Friday, February 10, 2012

Die Vergewaltigung des Friedens


~"Where do we go to escape the end of the world?"


I know I haven't written anything about anything yet, so it may seem odd that I am starting with this, but Auschwitz is still at the front of my mind and I feel like I need to start here. I will post about teaching and youth events and all the awesome things that happened in the Czech Republic some other time.

I honestly cannot convey the emotions that Auschwitz invokes, but I don't think that it is entirely necessary to do so for me to make my points. This is a can of worms, no doubt. I just want people to think about things that have been forgotten. I apologize in advance because my thoughts on the matter are all one big conglomerate in my head and it is very hard to get everything out in any particular order that makes sense. I will try to make my thoughts and sights available as they happened and then talk about what I took away from the experience.

The first thing that I thought as I walked through the infamous gate with the words "ARBEIT MACHT FREI" stamped overhead was, "This is a bad place." The air is heavy and it feels like death. There is no other way to describe it. Even more disconcerting was later when the same feeling hung over Birkenau, a wide open field with only low structures. The air felt thick to breathe. Some of Auschwitz I's buildings have been converted to a museum, so most of the two hours that we spent there were spent going in and out of these buildings. The first few of these had multiple placards with information about the camp, but interspersed were glass cases with artifacts from the forties. There was an urn serving as a monument for the people murdered at the camp. There were cases thirty feet long, ten feet deep, and ten feet tall filled with shoes, cases with luggage, cases with pots and pans, cases with children's shoes and dolls and toys. There was a case with all the prosthetic limbs, crutches, etc. confiscated from those with need of them. We were told that anyone handicapped and everyone who could not work (excluding Jews) were immediately taken and killed. Probably the worst of the displays was a case spanning the entire room that was filled with human hair cut from the prisoners as they were processed. After this we were taken outside and shown the firing wall where prisoners were executed. The building next to this wall also served as the camp's prison building. A legend as we walked into the basement informed us of the common causes of death for the people kept in these rooms. Some of the cells were the size of the desk I am typing this on. Into these were dropped four people from above. They would die of suffocation overnight. The much more common cause of death was starvation in the majority of the cells. Following the tour of this building we walked across the camp to the original gas chamber and crematorium. We walked in and out of a room which hundreds of thousands of people only entered, thinking they were going to take a shower to be disinfected. This concluded the first part of the tour and we walked back to the visitors' center to travel to Birkenau. The second part of the camp was built with purpose rather than the repurposed barracks that made up Auschwitz I. The purposes were limited to mass housing and mass killing.

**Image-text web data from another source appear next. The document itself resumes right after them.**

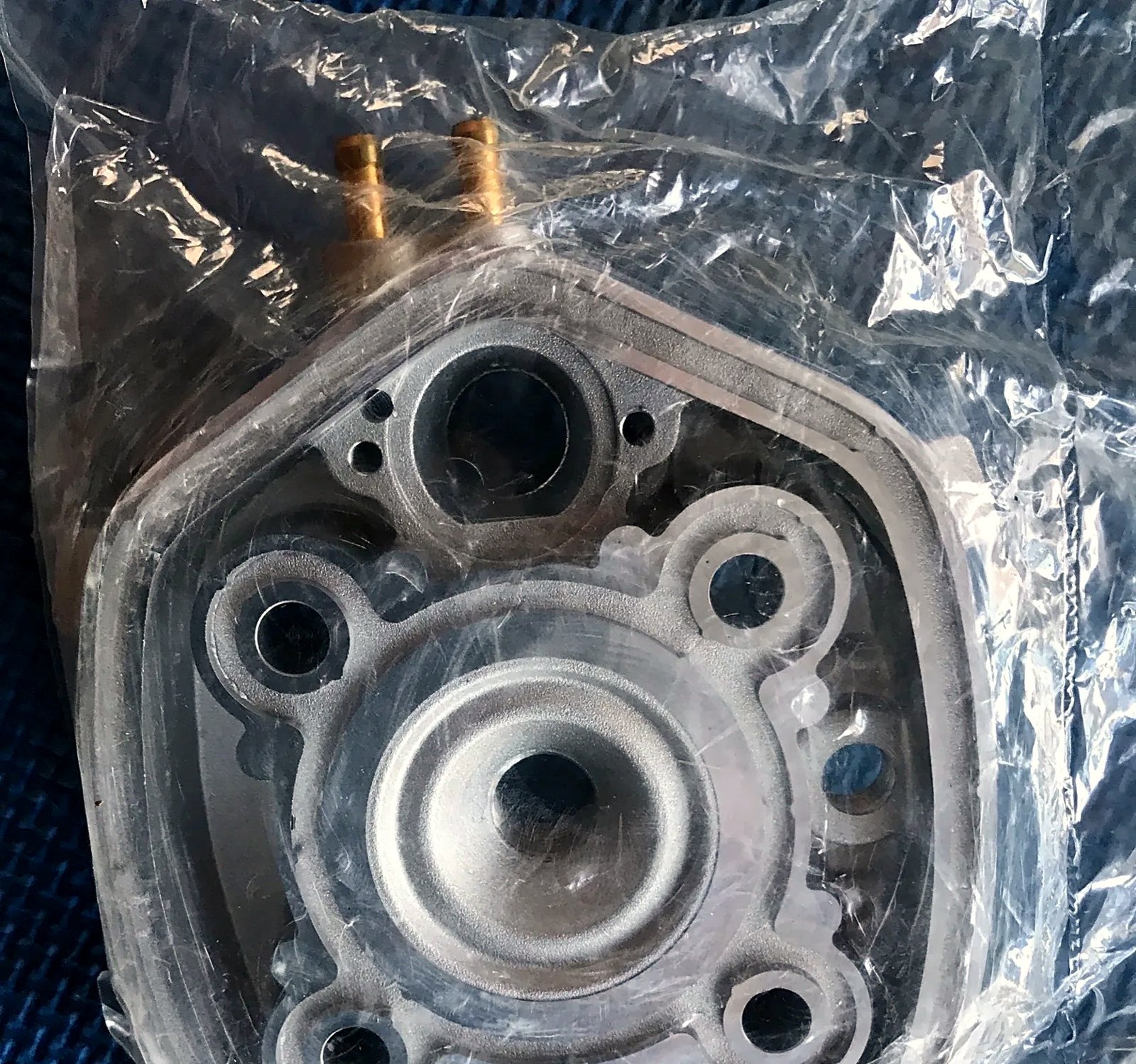 Five-angle cylinder head for Minarelli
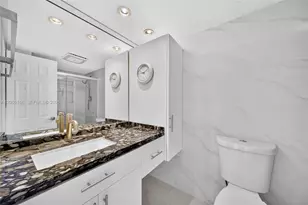 301 174th St, Sunny Isles Beach, FL 33160 - Photo 27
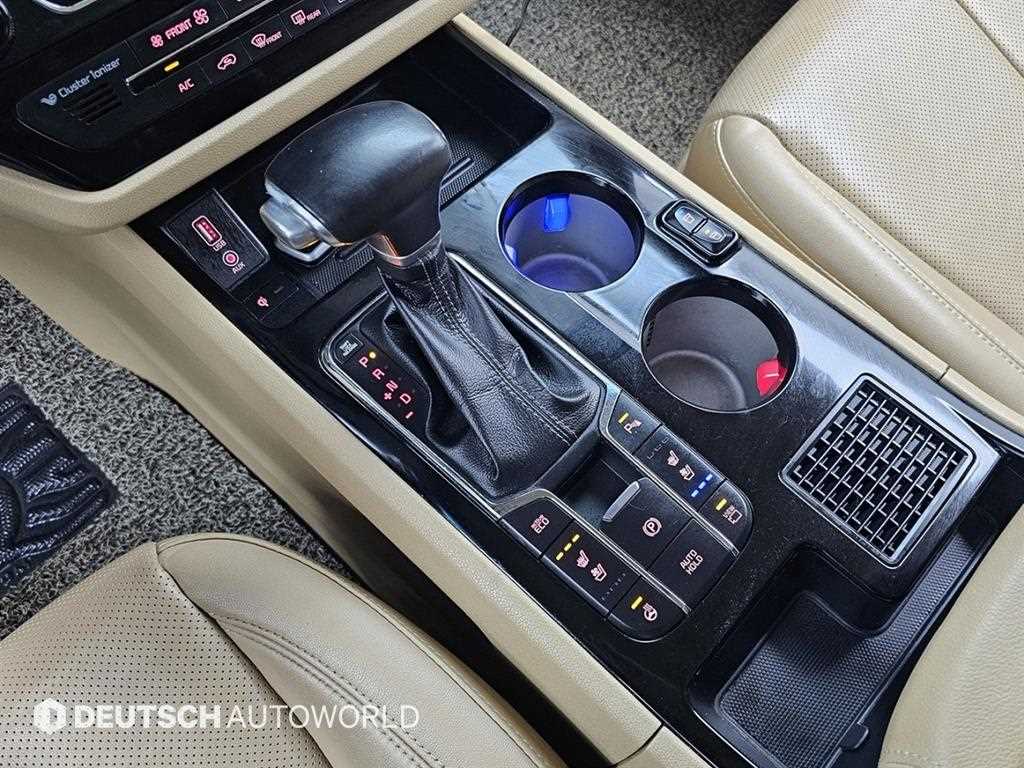 KIA Carnival - Vista 9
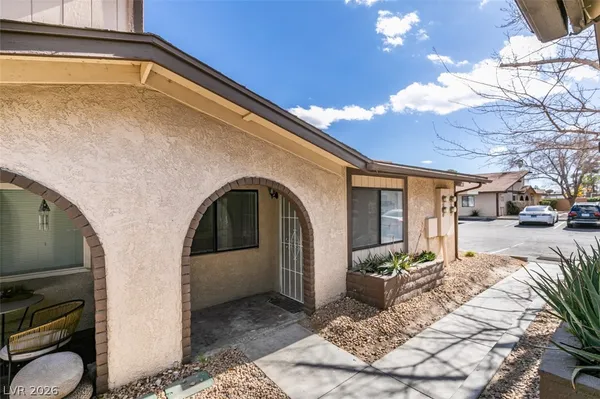 $1,295 | 5701 Smoke Ranch Road, Unit C, Las Vegas, NV 89108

The gas chambers and crematoriums at this camp were all destroyed before the Allies arrived, but seeing the rubble was quite enough.

I think I am going to leave it there for the description; there are a thousand other places you can read about the camp. There are three things I want to mention that were hitting me while I was there, or have hit me since. I had twisted my ankle pretty badly a few days before playing soccer with the gypsy boys. Another girl on the trip had hurt her foot as well. We got the opportunity to talk on the flight back to the U.S. As we were both walking around, we were compelled to let ourselves keep hurting. The thought crossed both of our minds that we would let someone cut off our injured feet if it could have saved just one person. I was thinking about that and the end of Schindler's List and realized how selfish we can be even when we are discussing sacrifice. The thought should not be, "I have to give this up." It should be, "Why didn't I give up more?" That is the place from which the ability to serve others comes.

The next thing that struck me was a reaction to a normal Christian reaction to hardship. The "God had a purpose" rationale is far too over-used in situations like this. Don't mistake me, though. That is absolutely true. Unfortunately, this statement has become a vehicle of neglect for many people. God wept for these people, for infinitely longer than anyone on earth can. That does not, by any stretch of the imagination, mean that we should not grieve and weep for them. On the contrary, if we truly claim to desire God's character to be our own, how can we dismiss his sympathy?

Lastly, people tend to move past the Holocaust and say, "Genocide is happening every day in Africa. We need to focus on that." Again, I agree wholeheartedly. There are some big differences though (at least in my opinion). I think they are best illustrated in the character of Adolf Hitler. This was a man who is arguably "the best communicator in the history of the world" (thanks Britt). He was able to convince the large majority of a society to follow him in a pursuit of perfection here on earth by the destruction of an entire race. This of course was not just any race, but the Jewish race, God's chosen people. There is just something innately spiritual about that course of events than we cannot escape from. I don't have any idea what it is, but I know it's there.

Anyway, those are just a few of the ridiculous number of things I have been thinking about since I got back. More to come.